Pothole causing serious damage to cars

July 14, 2008

‘Huge trench’ is ‘axle-breaking bad’

By Jonathan Edwards

Paint scrapes and metallic grooves mark the foot-wide, six-inch-deep trench stretching across the 4200 block of St. Peter Street. It is causing significant damage to passing cars, residents fear.

Wanda O’Shello lives next to the pothole. She has already put a garbage can wrapped in bright yellow caution tape to warn drivers of the “ravine.” She was planning a grander gesture as soon as she finished mowing her lawn Monday morning, a sign welcoming drivers to the Grand Canyon.

People can see the pothole during the day, O’Shello said, but at night she hears them scraping the undercarriage of their cars all night. “I can’t imagine they’re not doing serious damage.”

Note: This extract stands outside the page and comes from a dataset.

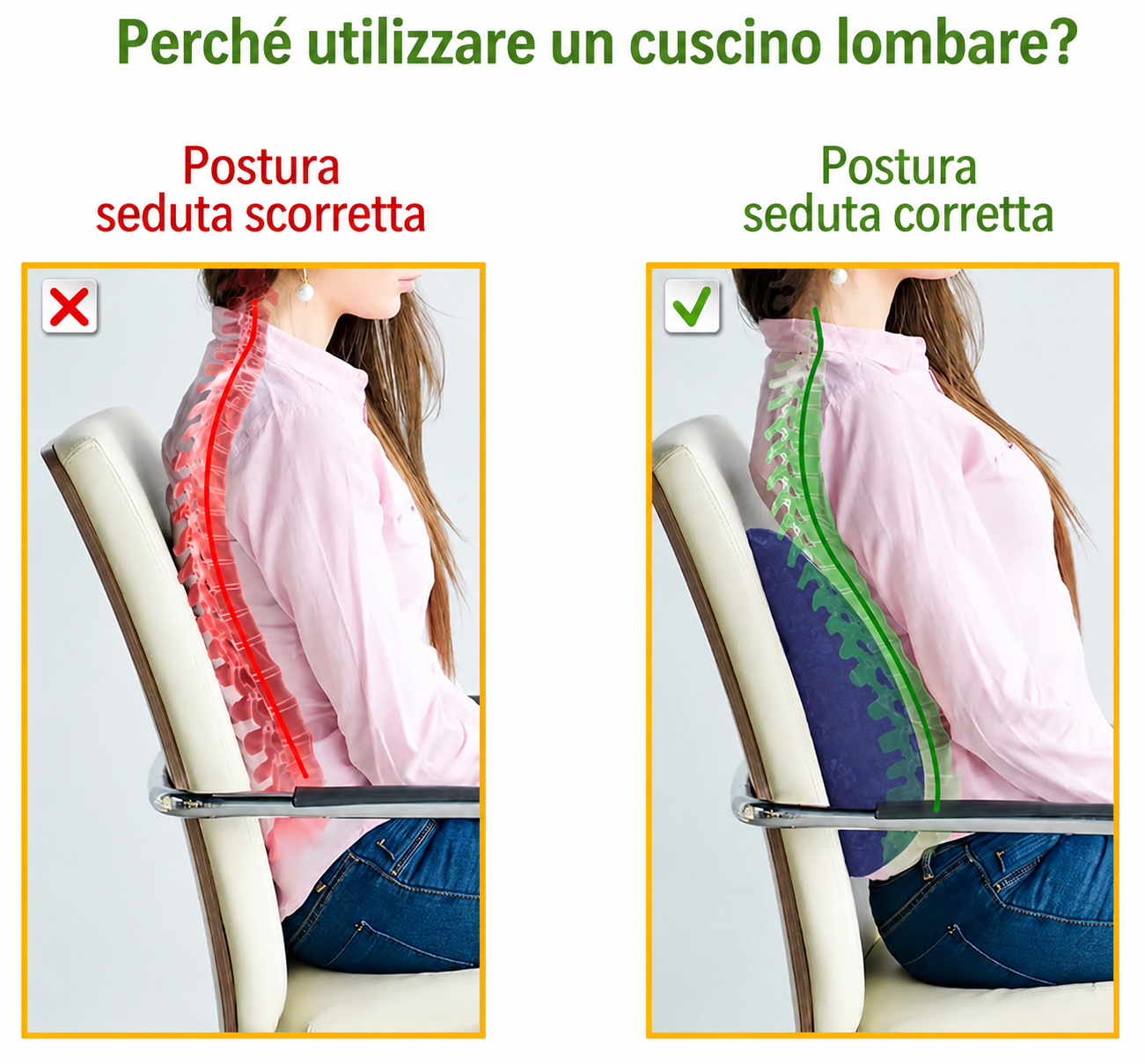 Cuscino Lombare Memory Foam Anti-dolore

Amy Rini has already done that damage to her car. “Over the past few days, the trench has deepened, and yesterday, going as slow as possible, I still scraped the underbody of my car.”

Lisha Troncoso, like O’Shello, lives next to the trench. She said the Sewerage and Water Board tore up the street to fix a broken water main about two months ago. After they finished repairs, they filled the hole with sand.

But rains washed the sand away, “and the hole gets deeper and deeper and deeper,” Troncoso said.

As of Sunday morning, Mark Folse said it was “axle-breaking bad.”

Troncoso called to file a complaint two weeks ago, and the S&WB told her that the city had hired a contractor to fix the pothole. They could not tell her when the work would be completed.

“I don’t ever drive that way down the street anymore,” said Troncoso. “I drive the wrong way (down the one-way street). They’re ripping the bottoms of their cars up. It’s ridiculous.”

Multiple residents have reported the pothole to New Orleans’s beleaguered 311 phone system. Those residents said operators estimated it would take the city four to six weeks to repair.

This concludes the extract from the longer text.